My manifesto would be, based on my children’s experience:
No uniform but a dress code. My children are being ‘prepared for the world of work’ by wearing a clip-on nylon tie while the managing partners at my global corporate firm wear open-necked shirts to work, and the kids are punished with isolation from their peers if they forget them.
Two tier education within one school with children able to choose the academic or vocational option in core subjects. Triple science or public understanding of science. Pure maths and statistics or maths for life. Etc. Maths and science can become two GCSE options and open up choice to engage kids more. Make BTECs an option wherever possible. Scrap most exams and introduce grading through demonstration of skills in continuous assessment.

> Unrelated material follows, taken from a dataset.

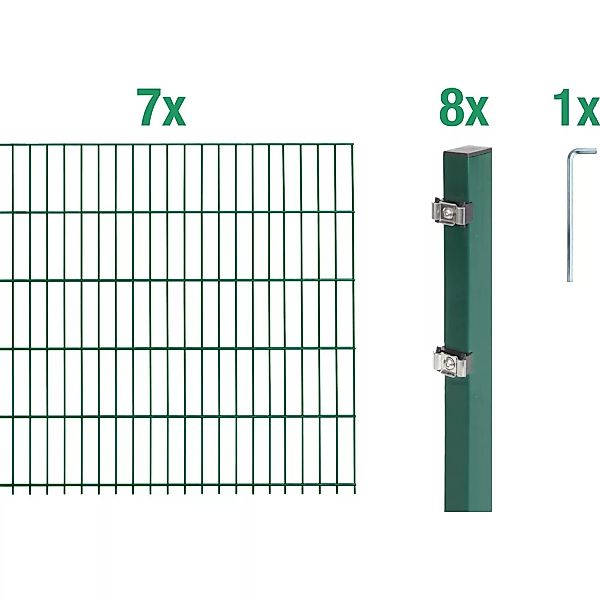 Metallzaun Grund-Set Doppelstabmatte verz. Grün beschichtet 7 x 2 m x 0,8 m günstig online kaufen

Let teachers have more choice in what they teach so long as those skills can be measured. Do a national skills audit to understand future jobs and what will be needed in the future, and support children in using those skills.
Funding, real meaningful funding.
Measure educational outcomes by wider metrics. Look at signifiers of health.
Develop targeted provision for children overwhelmed by the school environment because of ND or MH issues. Make this a standard national offer in local centres and stop wasting money on LA legal and transport costs. If the money spend on school SEN transport was spent on offering better provision everyone would be better off.
Some of this is pie in the sky. Some of it could be done with a commitment to make our education better for our children.